The Flintridge Building (formerly the Flint Ridge Building) is a historic office building in Fairfield, Alabama, in metropolitan Birmingham. From 1951 to 1964 it served as the headquarters of the southern division of United States Steel and housed nearly 1,500 employees. In 2004 the building was added to the National Register of Historic Places.

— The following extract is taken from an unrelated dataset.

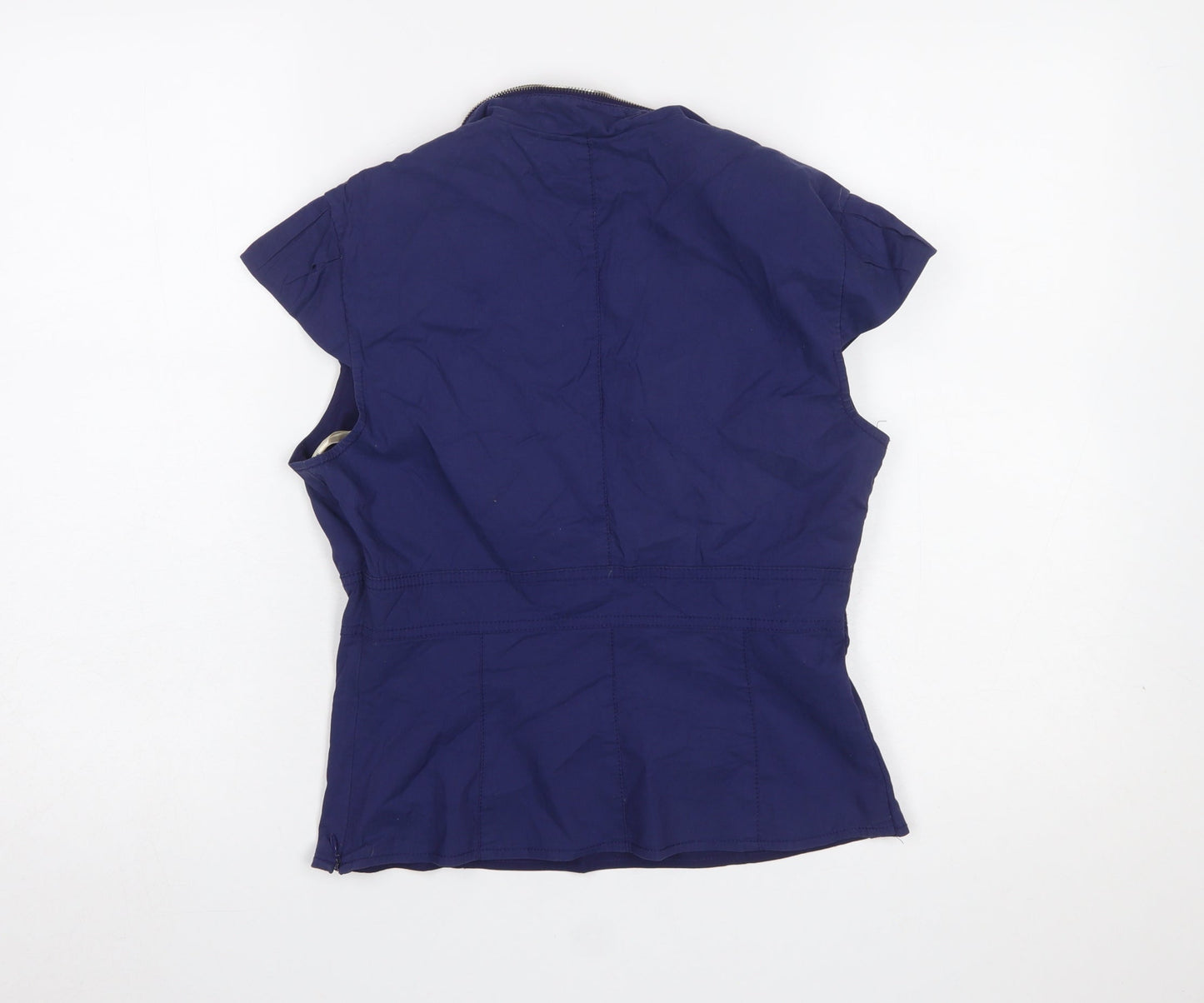 Karen Millen Women's Blue Ruffle V-Neck Short Sleeve Cotton Blouse Size 14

Sited on a ridge on E.J. Oliver Boulevard near Miles College, the building overlooks the Fairfield Works. The front facade of the building features projecting, glass-enclosed rooms resembling stadium pressboxes, which provide a view of the ironworks.

==History==
The building was developed in 1951 to serve as the new headquarters of the Tennessee Coal, Iron & Railroad Company (TCI), a wholly owned subsidiary of U.S. Steel. It was designed by Jack B. Smith of the Chicago firm of Holabird, Root & Burgee. Upon completion, TCI relocated its offices from the Brown Marx Building in downtown Birmingham to the Flint Ridge Building.

In 1964 U.S. Steel moved most of its executive staff to Pittsburgh, Pennsylvania, changing the character of the building. U.S. Steel eventually offered the five-story, 314,000-square-foot building to the Fairfield city government for a nominal price, but the offer was not taken. Former mayor Larry Langford did propose that the building be converted to a municipal office building that would be encircled by a monorail, but nothing came of the idea.

Besides leasing office space to local businesses, in 2006 U.S. Steel opened a maintenance training center in the Flintridge Building. In 2011 the city council considered acquiring the building for use by the local school system.